**Your task**
Set down, word for word, every line of the material below from the one containing "Valentino ESSENTIAL-IV VLS-132A" through the one containing "Weihnachtsbackhandschuhe - Geschenktüte", but none of its pictures.
_ _ _ _
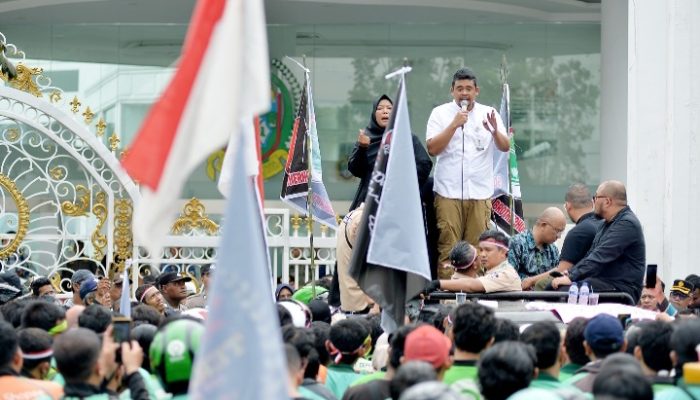 Gubernur Bobby Nasution Siap Perjuangkan Nasib Driver Ojol: “Satu Tuntutan Saja, Tolong Dikabulkan”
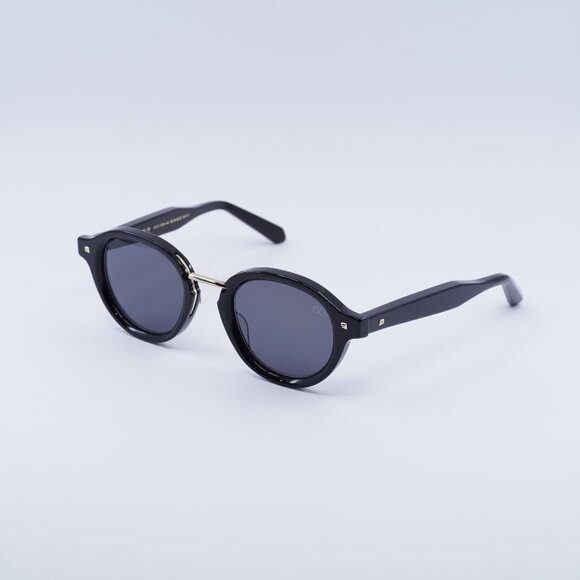 Valentino ESSENTIAL-IV VLS-132A Sunglasses Black Round Frame, Grey Lenses - Picture 1 of 11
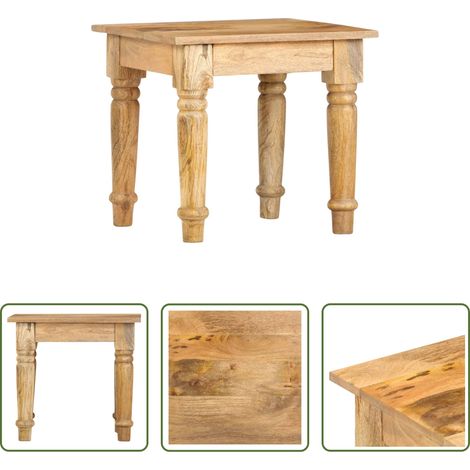 Massivholz Beistelltisch - Beistelltisch 43×43×40 cm Massivholz Mango (1/5)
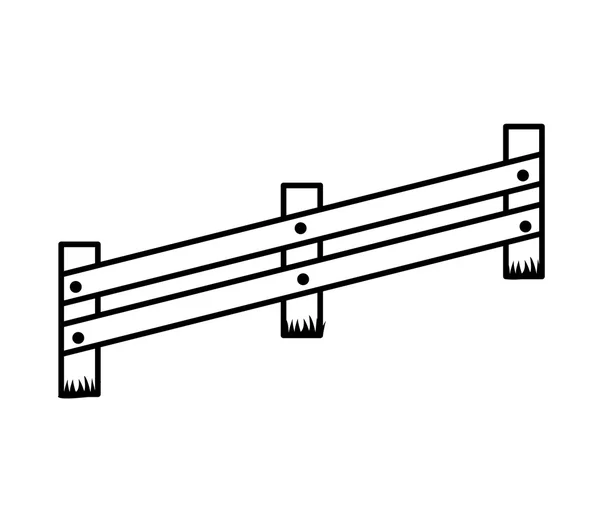 Icône de clôture. Conception de barrière. Graphique vectoriel — Image vectorielle
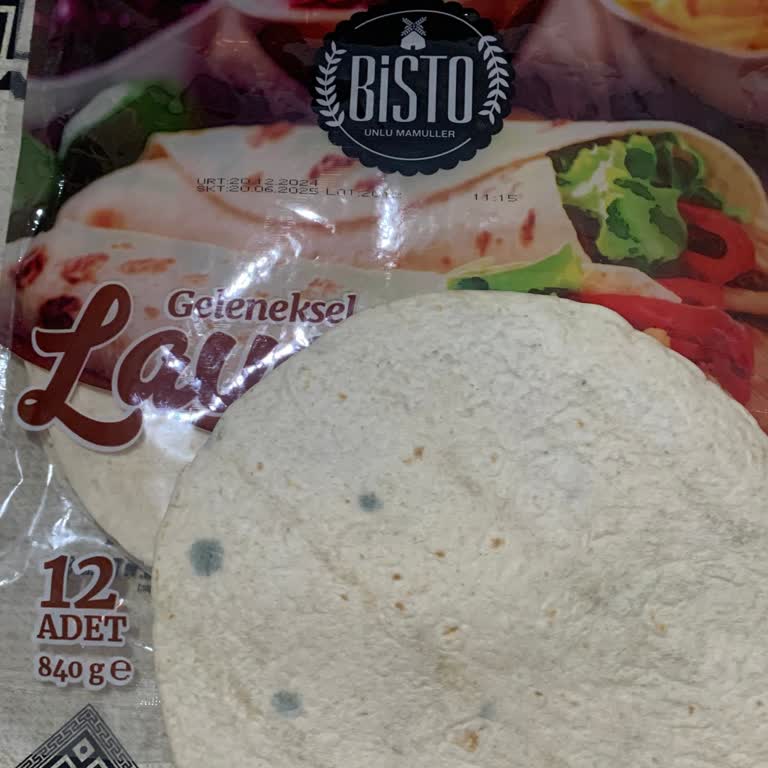 Başaktürk Gıda Bisto Marka Lavaş Küflü Çıktı
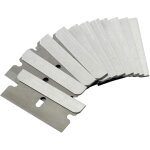 Lame de rasoir edge, 50 pi�ces, lames de grattoir, lame de rasoir plate, un bord, lame de rasoir simple ...
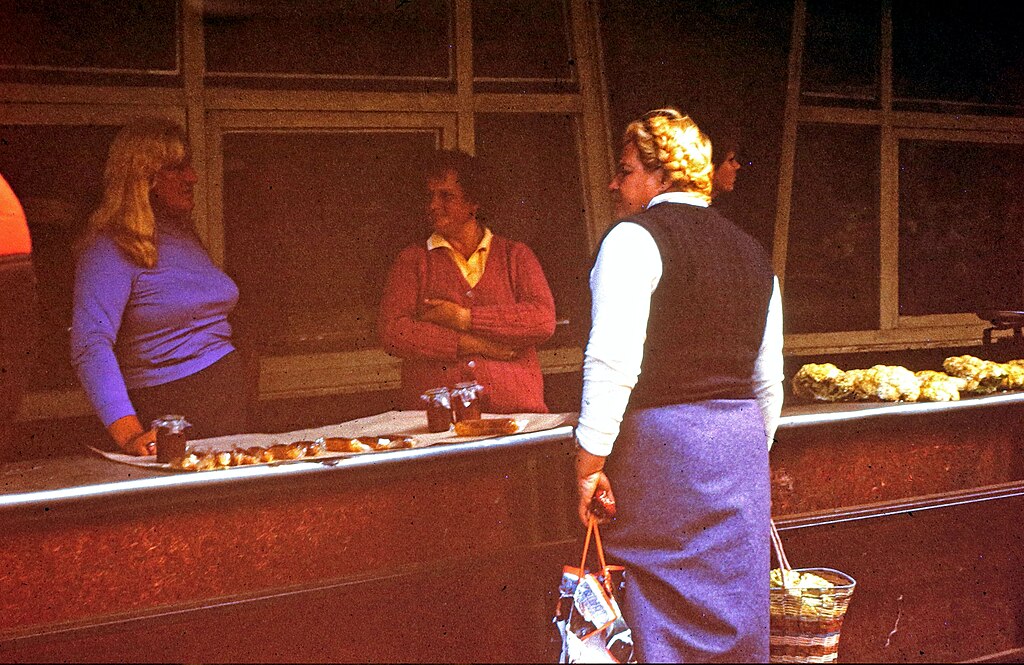Busy market square, Klaipeda 1981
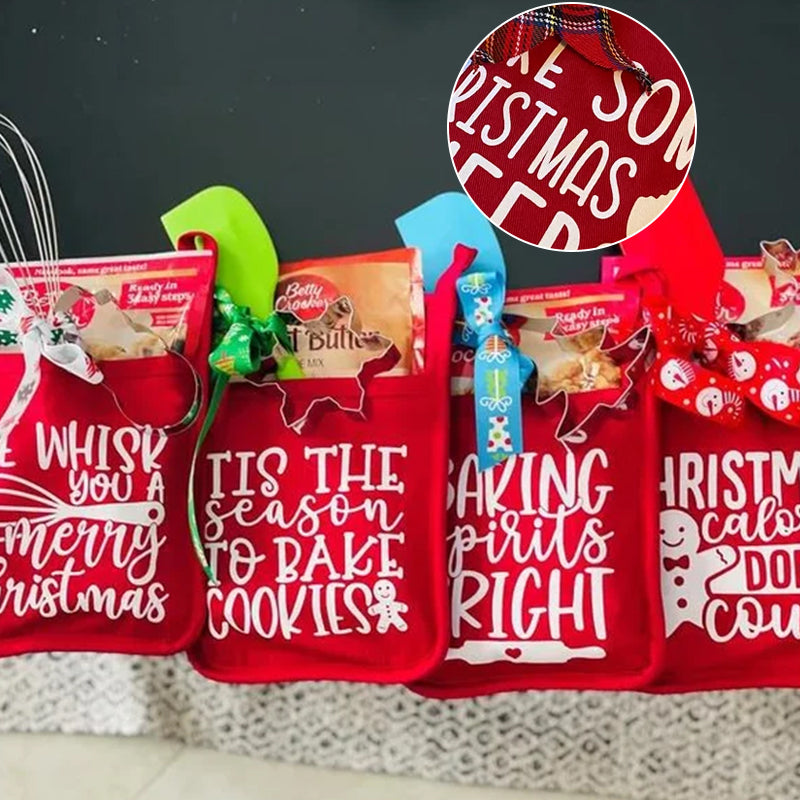 Weihnachtsbackhandschuhe - Geschenktüte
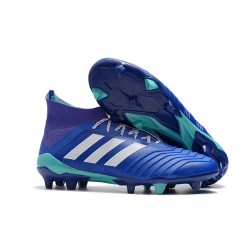 New adidas Predator 18.1 FG Football Boots - Blue White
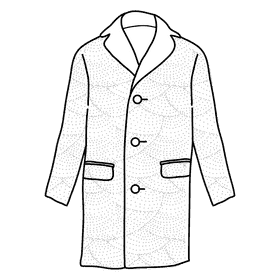 Gannex raincoat black and white clipart
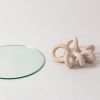 SIN Curlee Table Mirror | Decorative Objects by SIN. Item composed of stoneware in minimalism or mid century modern style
_ _ _ _
**Reply**
 Valentino ESSENTIAL-IV VLS-132A Sunglasses Black Round Frame, Grey Lenses - Picture 1 of 11
 Massivholz Beistelltisch - Beistelltisch 43×43×40 cm Massivholz Mango (1/5)
 Icône de clôture. Conception de barrière. Graphique vectoriel — Image vectorielle
 Başaktürk Gıda Bisto Marka Lavaş Küflü Çıktı
 Lame de rasoir edge, 50 pi�ces, lames de grattoir, lame de rasoir plate, un bord, lame de rasoir simple ...
Busy market square, Klaipeda 1981
 Weihnachtsbackhandschuhe - Geschenktüte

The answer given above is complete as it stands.